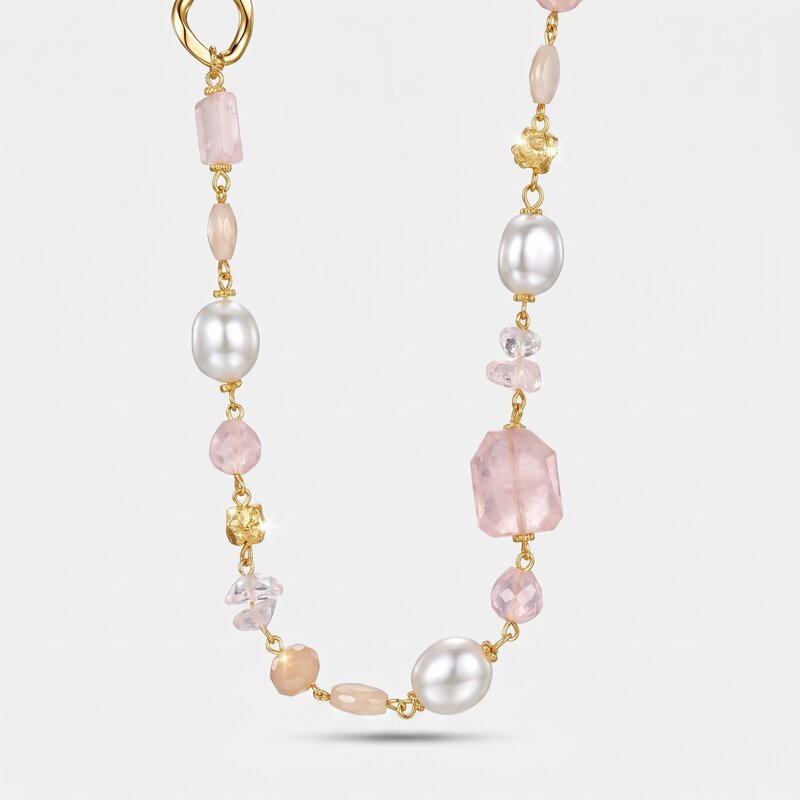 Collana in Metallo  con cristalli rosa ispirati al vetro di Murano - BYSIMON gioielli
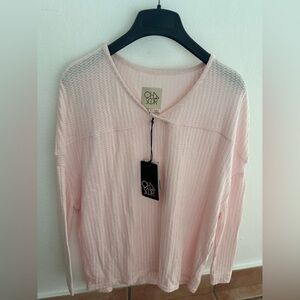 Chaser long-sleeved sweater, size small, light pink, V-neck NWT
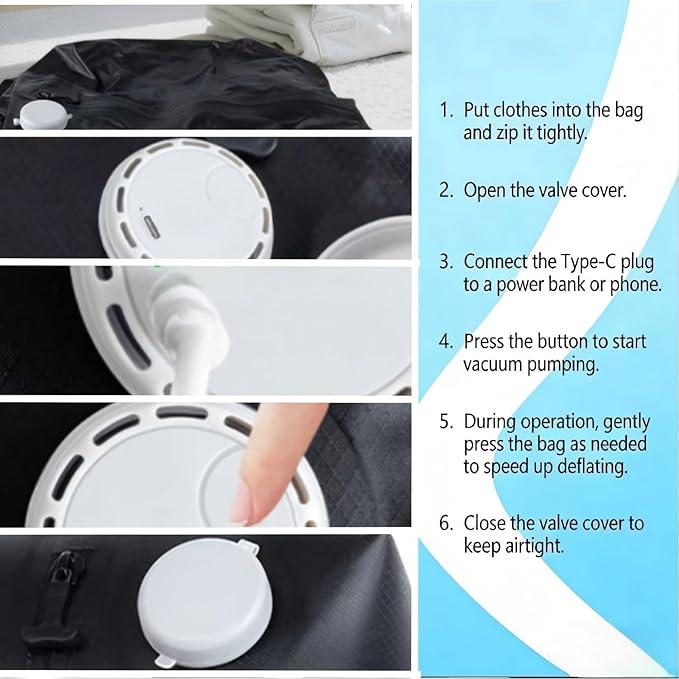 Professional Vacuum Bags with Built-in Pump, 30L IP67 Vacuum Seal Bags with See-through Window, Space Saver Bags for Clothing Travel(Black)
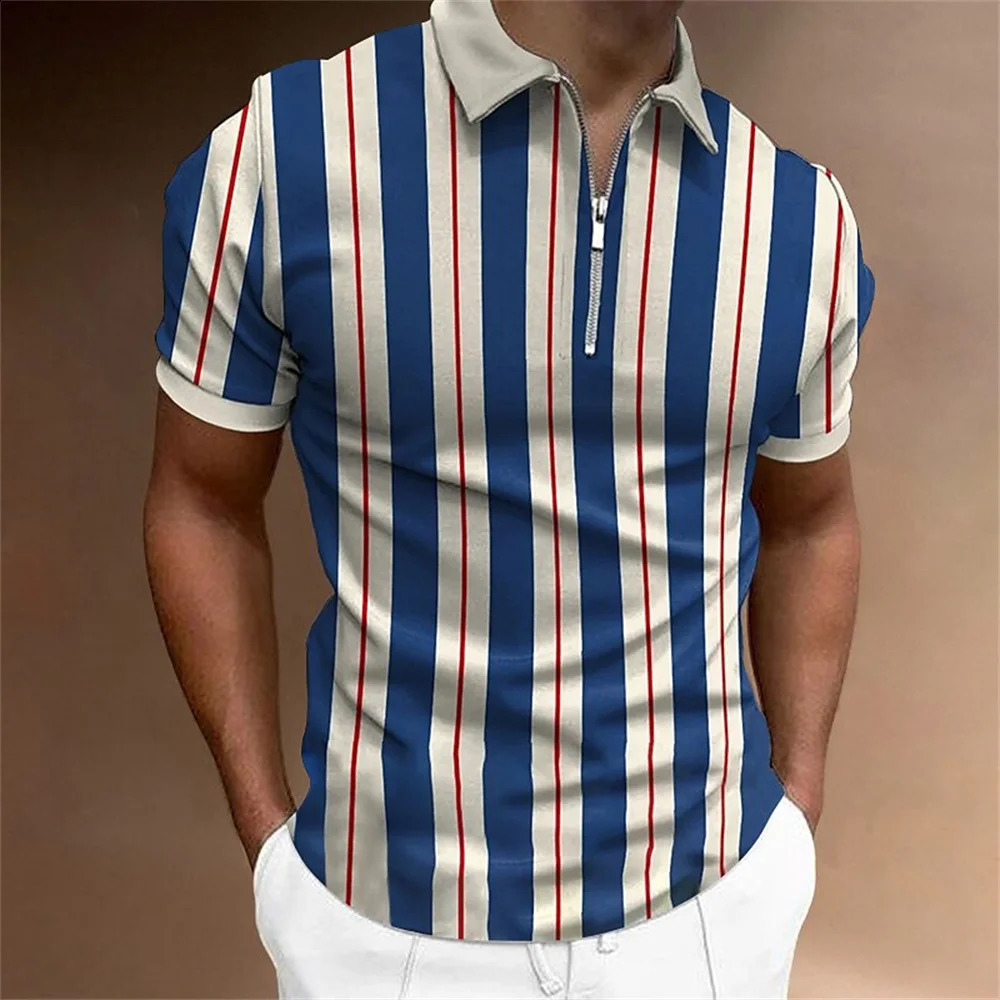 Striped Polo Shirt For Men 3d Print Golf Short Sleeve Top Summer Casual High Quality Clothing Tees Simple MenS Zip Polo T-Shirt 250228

^^^^^^^^^^^^^^^^

Work item:
What you write should match, word for word, the lines from the one containing "Professional Vacuum Bags" to the end of the listing, with both ends kept and the pictures left out.

Task result:
 Professional Vacuum Bags with Built-in Pump, 30L IP67 Vacuum Seal Bags with See-through Window, Space Saver Bags for Clothing Travel(Black)
 Striped Polo Shirt For Men 3d Print Golf Short Sleeve Top Summer Casual High Quality Clothing Tees Simple MenS Zip Polo T-Shirt 250228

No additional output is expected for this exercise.